50/50

Twenty-seven year old Adam (Joseph Gordon-Levitt) might not admit it, but he’s got a right to be smug. He works at a radio station, his impossibly hot girlfriend spends her time either getting undressed, dressed or painting him lovely artistic things he doesn’t quite get, he’s young, he looks remarkably like Joseph Gordon-Levitt and his best friend Kyle (Seth Rogen) keeps him in lolz and lifts. The problem is, he also has cancer. Staring blankly at the doctor giving the news after a routine check, his first thought is that surely, they’ve gotten it wrong. “No, no”, he says, grinning, “I… I don’t smoke, I don’t drink… I recycle…” The doctor stares back at him with both sympathy and impatience; being attractive and well-dressed is all very well, but it doesn’t mean much when you’ve got a 50% chance of survival.

Lumbered with a disease he can’t even pronounce (“uh oh,” frowns a fellow patient, “the more syllables it has, the worse it is”), a girlfriend who’s almost-half determined to See Him Through This and slightly-more-than-half determined to open her own art show, and a best friend who’s sure that Having Cancer is the new aphrodisiac; at least Adam can find a bit of solace in his weekly therapy sessions. Except his therapist is 24. And he is her third patient, ever.

Never pushing for laughs and never ladling on the sentiment, 50/50 is instead a painfully honest account of how we go about living when life is no longer a certainty. Letting the dialogue unfold in a largely improvised style, director Jonathan Levine allows every exchange to feel natural, leaving space for the cast to find the comedy in each scene without ever forcing humour upon it. It has to be said that Seth Rogen is absolutely perfect in his role of – for want of a better phrase – Pithy Humour Injector; his trademark quick wit working marvellously against Gordon-Levitt’s natural likeability. The two of them traverse the potential pit-falls of dark humour and saccharine subject-matter effortlessly, ever aware of the needs of the scene and their audience. Kudos also has to go to the lovely Anna Kendrick for an equally confident performance as Katherine, the naive but determined therapist who gradually – and despite her most professional of intentions – finds herself drawn further and further into Adam’s rapidly unravelling life.
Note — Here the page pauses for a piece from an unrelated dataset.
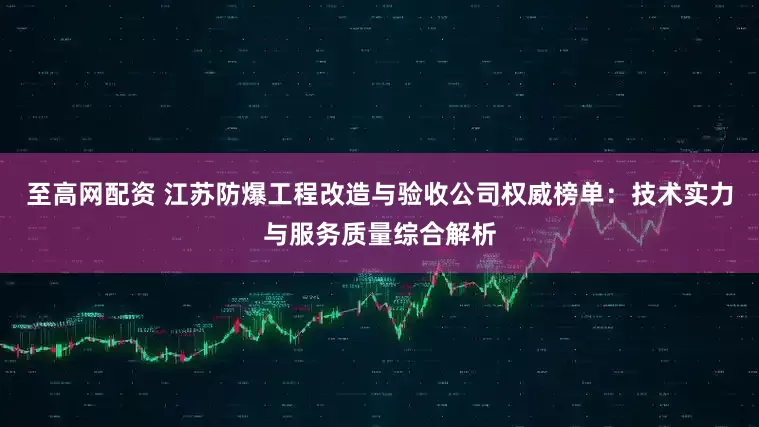 至高网配资 江苏防爆工程改造与验收公司权威榜单：技术实力与服务质量综合解析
As we and the surrounding characters wait for Adam’s fate to be decided and the tone grows ever more serious 50/50 never loses its spark. Whether Adam is bemusedly getting high whilst being treated with chemotherapy, getting a pre-emptive haircut with Kyle’s questionable body-hair shaver or simply, suddenly, letting the awful, bare fear of it all peek in, 50/50 is painfully aware that moments of poignancy are most effective when they surprise us. The cast, the writing and the direction all pull together to ensure that even the most traumatic scenarios are dealt with humour, honesty and bravery, so that when moments of tragedy hit – and they do – they cannot fail to get us between the eyes.
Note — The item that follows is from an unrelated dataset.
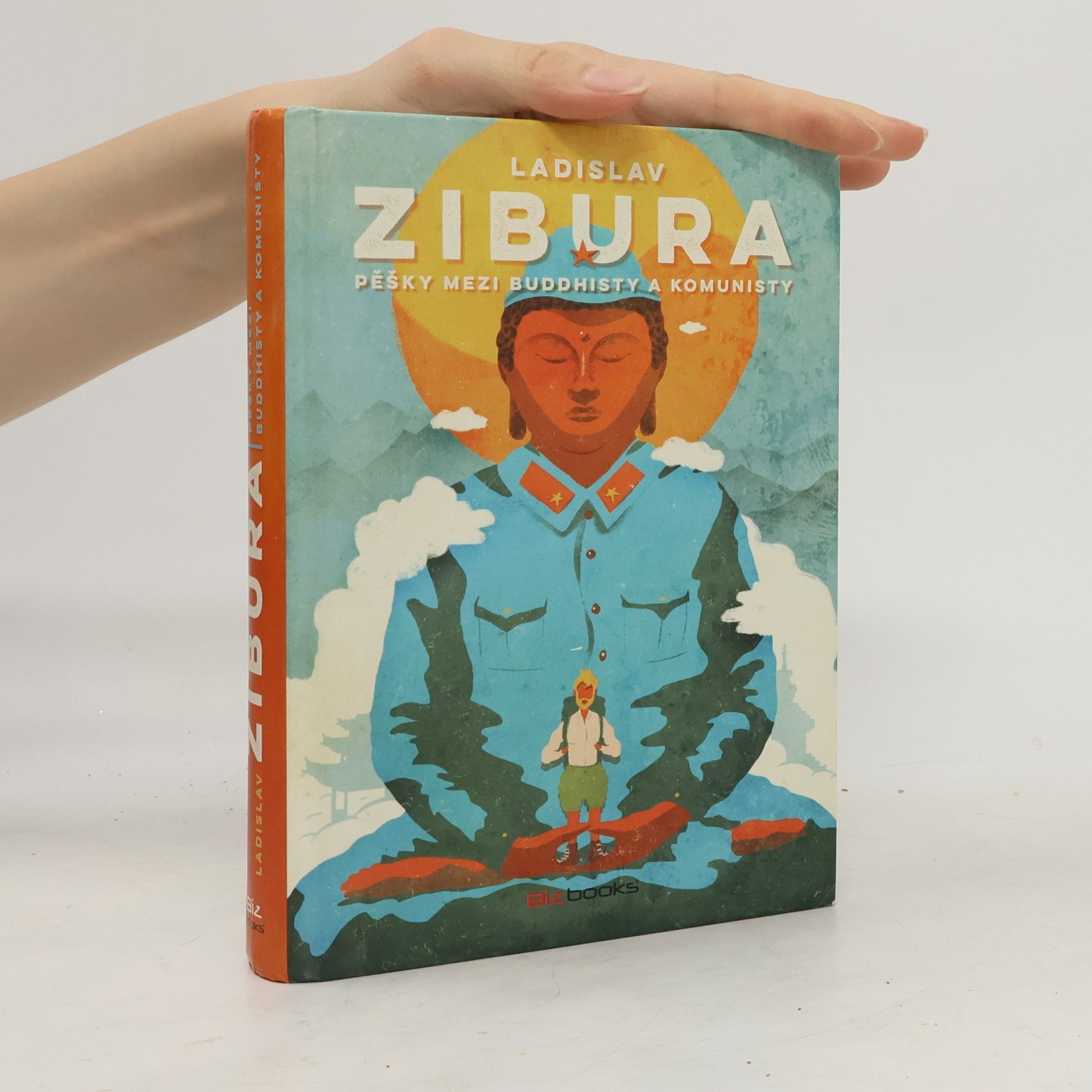 Ladislav Zibura Pěšky mezi buddhisty a komunisty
Above all and no matter what your own experience, 50/50 is a film that deserves your attention. A deceptively simple, brilliantly-told story about the small things that make up the big picture, it’s confident enough in its characters that it never needs to trumpet something as patronising as A Message, A Lesson or even, really, a point. Life, death and everything in between, as we all invariably discover and as 50/50 seems to shrug, is far too wonderfully complex to be as tidy as that.